Yes, the ratio is 10:1. Assuming that the Chinese government can continue to invest, this discrepancy will grow tremendously over the next four years.
These numbers are shocking, but in fact the numbers are much higher in the West when you consider private edge clouds implemented by individual enterprises. The real difference is not in the level of investment, but in the business model behind the investment.
In China, companies like Alibaba, Tencent and Baidu have been forced to combine their cloud operations with the state-owned telecom operators in a process called “mixed ownership.” This has effectively neutered any independent deployment of edge clouds in China; everything runs through the government.

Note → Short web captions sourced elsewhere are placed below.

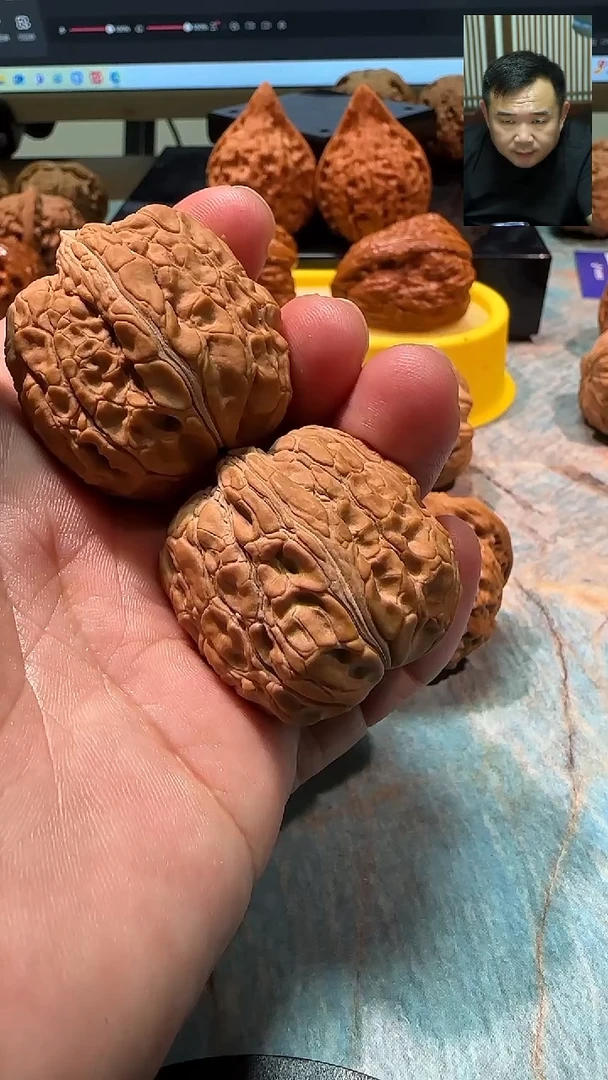 吊坠文玩核桃机**～机智狮子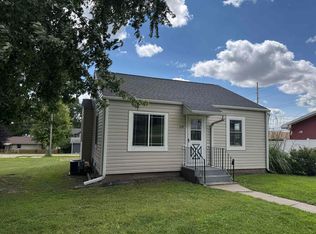 719 Webster Ave, Genoa, NE 68640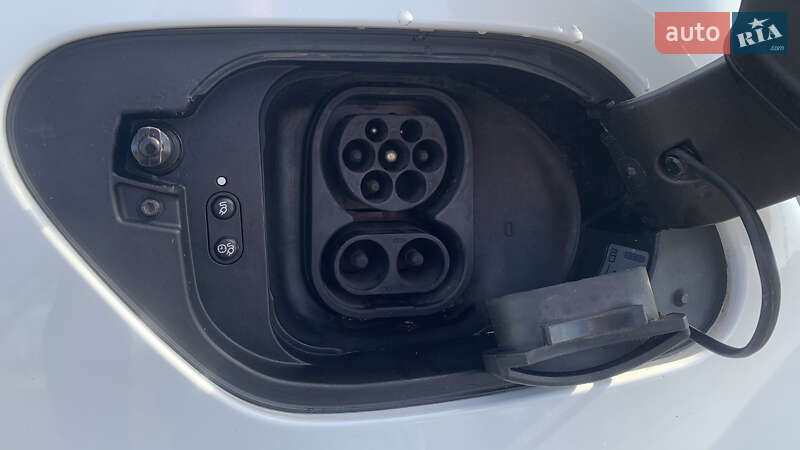 Хетчбек Volkswagen e-Golf 2020 в Києві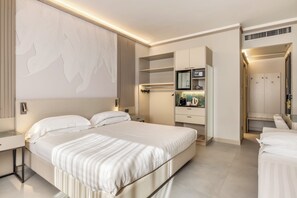 Quadrupla Exclusive | Biancheria da letto di alta qualità, copriletto in piuma, minibar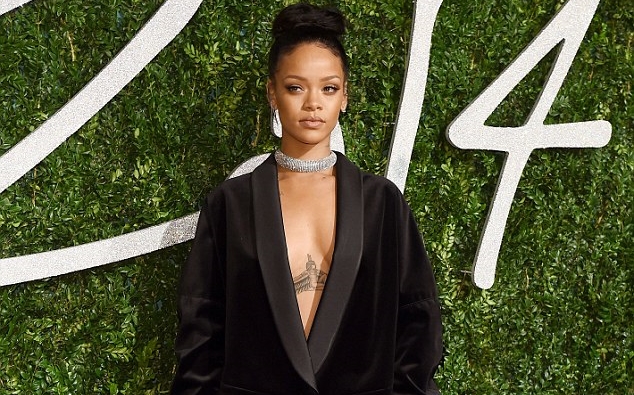 Rihanna dekoltesiyle zor anlar yaşadı 1 Rihanna dekoltesiyle zor anlar yaşadı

Conversely, in the U.S. market, hyperscalers, telecom operators and neutral hosts engage in a free-wheeling environment in which all kinds of experiments are taking place. These companies are investing in commercial edge data centers at a regional level (about 20 data centers to cover the USA), while individual enterprises are investing in on-prem clouds so that they can control access to their data best.
At the same time, thousands of American enterprises are implementing various forms of edge computing in their operations without using a commercial edge computing service. Exxon Mobil, Chick-Fil-A, H&R Block, John Deere, Walmart and many other companies have developed very specific applications on customized private edge clouds that they keep on-premises.
In fact, I would say that the variety of solutions in the Western world is far superior to the Chinese one-size-fits-all approach because we have mini-servers under the counter at Chick-Fil-A and we have highly secure servers running digital twins for industrial companies.
In my analysis this year, I have illustrated how the business model is taking shape for several vertical markets and I see different roles for the hyperscalers, the telcos and the neutral hosts in streaming, gaming, manufacturing, automotive and other application areas.
In each vertical market, the leading companies are developing customized software to integrate the edge cloud with the existing operations. In some cases, we are already starting to see those early customized solutions turning into a blueprint for a common platform. This is going to lead to tremendous growth in the number of enterprises using a local commercial edge data center for some kind of automation.
Here’s the long play: The Western, Darwinian approach will result in a business model and one software platform that is easy to use, with millions of developers. Possibly two or three different models/platforms. The Fortune 500 companies may continue to use on-prem edge clouds, but millions of other businesses will shift over to a telco-based or a hyperscaler-based edge cloud model because it will be cheaper and faster to market. In the end, we expect the insular Chinese model to be “unexportable,” and the organic Western model will win.
The Western market for edge computing services will have a different flavor than the Chinese version. But in the long term, I expect the spicy Western dish to taste better.